Jumbo Interactive Limited
- Company type: Publicly listed entity
- Traded as: ASX: JIN
- Industry: Lotteries
- Founded: 1995
- Founder: Mike Veverka
- Headquarters: Brisbane, Australia
- Key people: Mike Veverka (Founder, CEO and Major Shareholder), David Barwick (Chairman)
- Products: Lotteries, Interactive Technology
- Revenue: A$24.1 million (FY2014)
- Subsidiaries: Oz lotteries
- Website: https://www.jumbointeractive.com/

= Jumbo Interactive =

Australian lottery company

Jumbo Interactive Limited is an Australian corporation and reseller of lottery games in Australia under agreement with government licensed lottery operator Tatts Group. Jumbo Interactive operates ozlotteries.com, one of Australia's largest e-commerce websites retailing Australian lotteries, such as Saturday Lotto, Oz Lotto and Powerball. Jumbo Interactive is a publicly listed corporation on the Australian Stock Exchange (ASX:JIN).

==History==
Jumbo Interactive was founded by Mike Veverka in 1995 as a software developer and an Internet Service Provider in Queensland, Australia. In 1999, the company listed on the Australian Stock Exchange as Jumbomall.com

Focus shifted towards internet lotteries when the Interactive Gambling Act was passed by the Australian Parliament in 2001. Starting with smaller state-based charity lotteries, the company shifted to national lottery games with the acquisition of TMS Global Services in 2005. This business operated a lottery network since 1984 in various Pacific nations in agreement with Tattersalls. Jumbo acquired Manaccom, a software publisher, in 2007 and focus shifted towards the Internet and to the development of Oz Lotteries website, which continues to this day, having serviced in excess of 1.5 million customers.

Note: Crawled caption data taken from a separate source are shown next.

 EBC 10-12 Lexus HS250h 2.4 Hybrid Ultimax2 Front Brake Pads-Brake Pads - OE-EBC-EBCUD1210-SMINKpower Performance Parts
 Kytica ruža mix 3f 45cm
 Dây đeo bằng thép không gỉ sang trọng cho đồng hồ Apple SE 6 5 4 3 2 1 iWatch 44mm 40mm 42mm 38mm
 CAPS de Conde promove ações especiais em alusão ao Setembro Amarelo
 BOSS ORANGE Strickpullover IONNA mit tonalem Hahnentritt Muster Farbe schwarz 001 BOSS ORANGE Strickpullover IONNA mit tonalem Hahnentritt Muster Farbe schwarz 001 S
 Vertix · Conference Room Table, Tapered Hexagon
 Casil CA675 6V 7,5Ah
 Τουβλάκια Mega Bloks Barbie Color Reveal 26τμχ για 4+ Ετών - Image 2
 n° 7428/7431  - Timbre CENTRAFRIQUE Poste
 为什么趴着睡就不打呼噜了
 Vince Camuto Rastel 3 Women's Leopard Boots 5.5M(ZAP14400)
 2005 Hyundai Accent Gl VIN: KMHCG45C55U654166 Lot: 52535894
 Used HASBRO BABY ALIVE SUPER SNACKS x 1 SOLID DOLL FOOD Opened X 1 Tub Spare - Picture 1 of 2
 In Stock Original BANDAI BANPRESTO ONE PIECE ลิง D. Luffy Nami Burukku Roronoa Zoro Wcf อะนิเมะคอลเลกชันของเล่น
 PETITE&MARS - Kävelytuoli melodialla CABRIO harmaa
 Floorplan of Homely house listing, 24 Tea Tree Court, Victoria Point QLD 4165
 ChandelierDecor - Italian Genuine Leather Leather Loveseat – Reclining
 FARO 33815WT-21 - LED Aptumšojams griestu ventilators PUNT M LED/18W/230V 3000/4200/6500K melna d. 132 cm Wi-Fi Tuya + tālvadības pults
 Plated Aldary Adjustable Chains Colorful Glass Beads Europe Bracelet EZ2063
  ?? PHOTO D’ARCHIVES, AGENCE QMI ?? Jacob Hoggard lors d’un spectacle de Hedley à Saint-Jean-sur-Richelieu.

In 2012, Robert Leitz acquired a >5% stake in Jumbo via his fund, iolite Partners, during a period of international expansion challenges. Jumbo’s market capitalization rose from A$50 million in 2012 to A$1.1 billion by mid-2019.

In May 2017 Tatts Group invested $15.6 million in Jumbo, and acquired a 15% stake.

In November 2019, Jumbo acquired the UK lottery manager Gatherwell Limited, which creates, launches and manages lottery systems.

In November 2020, Jumbo signed an agreement with Lotterywest to provide its online software platform and services for up to the next 10 years.

In November 2022, it was announced Jumbo had completed the acquisition of the UK-based external lottery manager and digital payments business, StarVale Group.

==Financial statements==
At the end of financial year 2016, Jumbo Interactive's TTV (total transaction value) was $156 million. The company's website Oz lotteries continued its unbroken run customer growth since relaunch in 2005 with its database increasing by 10% even in a period of reduced jackpots.

Comparing like-for-like jackpots, sales are growing consistently, with the TTV for FY2017 reaching $142 million. The 2017 financial year saw Jumbo reach a net profit after tax of $7.6 million on a continuing basis.

In 2019 Jumbo's share price increased by 263% during the first 10 months of the year.

By November 2020 the company experienced a significant share price movement during the third quarter of the year on the ASX, rising to highs of AU$14.97 and falling to the lows of AU$10.63.